It’s very simple to understand, folks. Let me give you a hard, cold lesson in Washington politics. A legislative liaison from the White House will go visit a Tom DeLay or a Trent Lott, and that White House legislative liaison will say, “The president wants this bill, Trent. The president really wants this bill, Tom.” And that’s it. It’s over. You don’t buck your president. The president really wants the bill, then that’s what happens. That’s why I’m always sitting here talking about the bully pulpit. Presidents will end up, more often than not, getting what they want. So it’s always been my hope that presidents would want the right things, defined as what I want. However, in this case that’s not the case.

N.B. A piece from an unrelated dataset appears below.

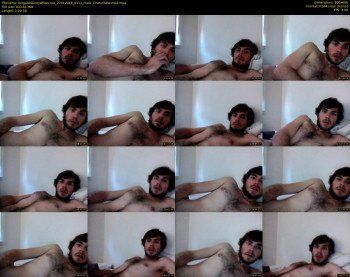 longassskinnywhitecock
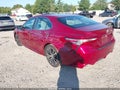 2018 Toyota Camry — photo 3 of 16 | VIN 4T1B11HK3JU574941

In the audio link below, you can hear Puff Daschle and Teddy Kennedy, the Godfather, the sperm donor of HMOs, whine and moan about how this bill only helps the drug companies, insurance companies and HMOs. Now, on one hand, it’s great to see the Republicans wipe out the Democrats like this on all their own issues. There’s a part of me that loves the disembowelment and the disempowerment of the liberal Democrats. This is why Ted and Daschle are in a panic. The AARP has gone to the Republicans. Next, if Big Labor goes Republican, just ten or 20 percent, then you’re going to see Democrats jumping out of buildings on Wall Street. It’s going to be over. Some people say, “Oh, it will be great, no Democratic Party?” Wait a minute. I love the two-party system because they keep each other honest. The two-party system is becoming a one party system, Republicrats.


You can hear me take calls from a seasoned citizen, Joan, who is very disappointed in President Bush ? and John, who said he was not planning on returning to the show when I did, but is glad he did, because of days like today, when it is proven that your host is not a “shill” for the Republican Party, but, in fact, an independent, critical thinker. This is by no means the first example of my parting ways with the party, but if it’s your first time hearing it then, welcome to reality, and I appreciate you observing that, John. I’m very happy that you picked up on that. I am flattered that you made the decision to return and I hope you stay.
Poor Mr. Snerdley, the Program Observer. He’s been trying to sell me on this boondoggle of a bill. He’s worried that White House officials are going to leak stories about me to the National Enquirer. That’s too bad. You have to deal with what is, Mr. Snerdley, and let the chips fall where they may.